1. The problem statement, all variables and given/known data
A person places a 2.2kg truck against a horizontal spring (k=2300N/m) on a frictionless horizontal surface. The spring is compressed 15cm and released.

a) How much energy is stored in the spring just before the truck is released?

b) What is the velocity of the truck after it is "launched" (leaves the spring)?

c) If the spring inadvertently becomes hooked to the the bumper of the truck, what will be the period of the truck's oscillation?

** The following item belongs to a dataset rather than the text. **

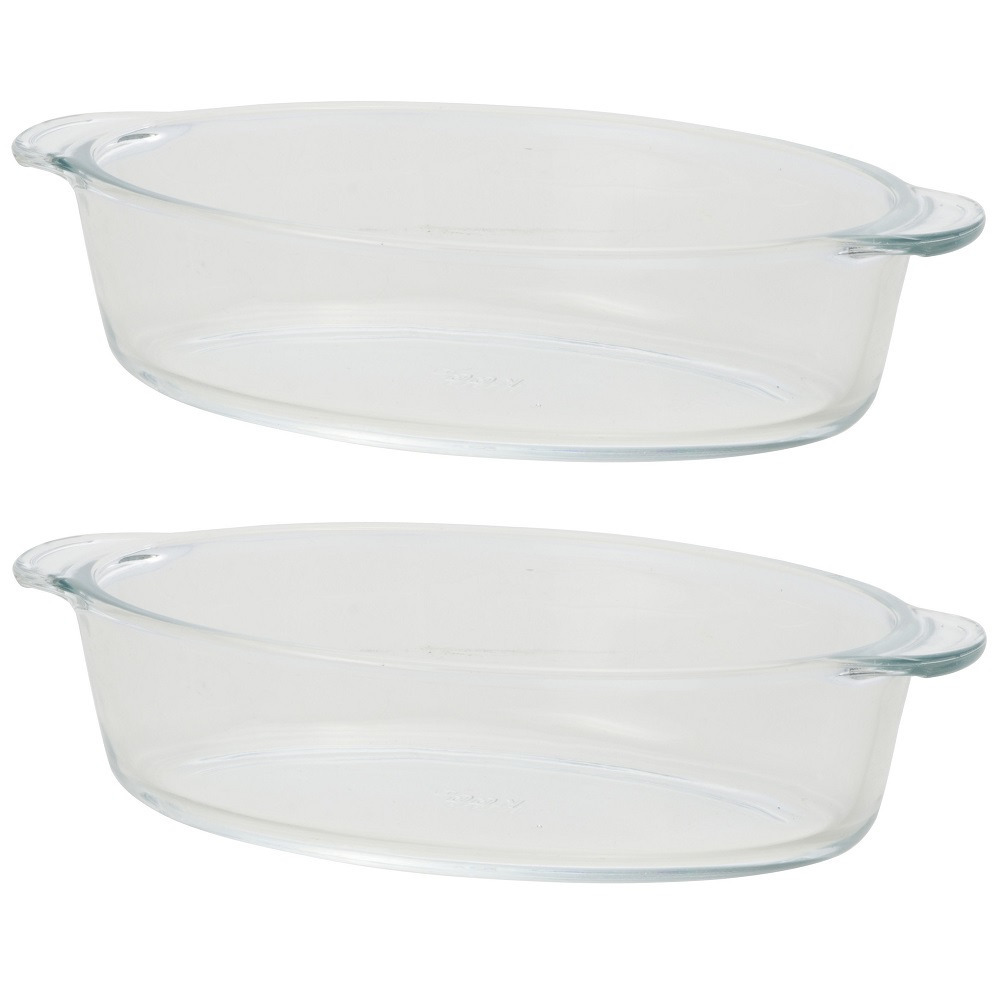 Merkloos 4x Ovalen glazen mini ovenschalen 400 ml 20 x 11 x 5 cm -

d) As in part c, if the spring becomes hooked to the back of the truck calculate the location of the truck 0.31 seconds after the truck is released?
2. Relevant equations

3. The attempt at a solution
i tried to use the pe=1/2kx^2 equation for the first part but im forgetting what is k is again. Also my weakness is in oscillation questions because after 3 months of summer vacation im forgetting if we would use KE=1/2mv^2. Im utterly confused with thi problem.

Last edited: Aug 19, 2008
2. Aug 19, 2008

### Redbelly98

Staff Emeritus
(a) k is the spring constant. Use the value given at the beginning of your message.

(b) Yes, use KE = 1/2 m v^2

Hope that helps get things started.

3. Aug 19, 2008

### Jwill

k is the spring coefficient stated in the problem. The larger the coefficient the larger the potential energy.
Yes, and something to remember is PE + KE = ME.

4. Aug 21, 2008

### mkha0246

so for part a you would use PE=1/2kx^2 and input k with 2300N/m and x with the displacement of 15cm?
and for part b would PE=KE so to find v because if PE doesnt equal KE then there will be two variables in the KE=1/2mv^2 equation and then you wont be able to find velocity.
also thanks for everyone's advice in this!!!

5. Aug 21, 2008

### Redbelly98

Staff Emeritus
Yes. Just be careful with the units.

That's sort of right. You'll get the right answer to this problem, but I'm not sure you quite understand why saying KE = PE works here, whereas that relation is not always true in general.

To understand it, your book probably has an equation expression conservation of total energy (KE+PE), along with some mention of "initial and final", "before and after", "1 and 2" or something like that. (Different texts will word it differently.)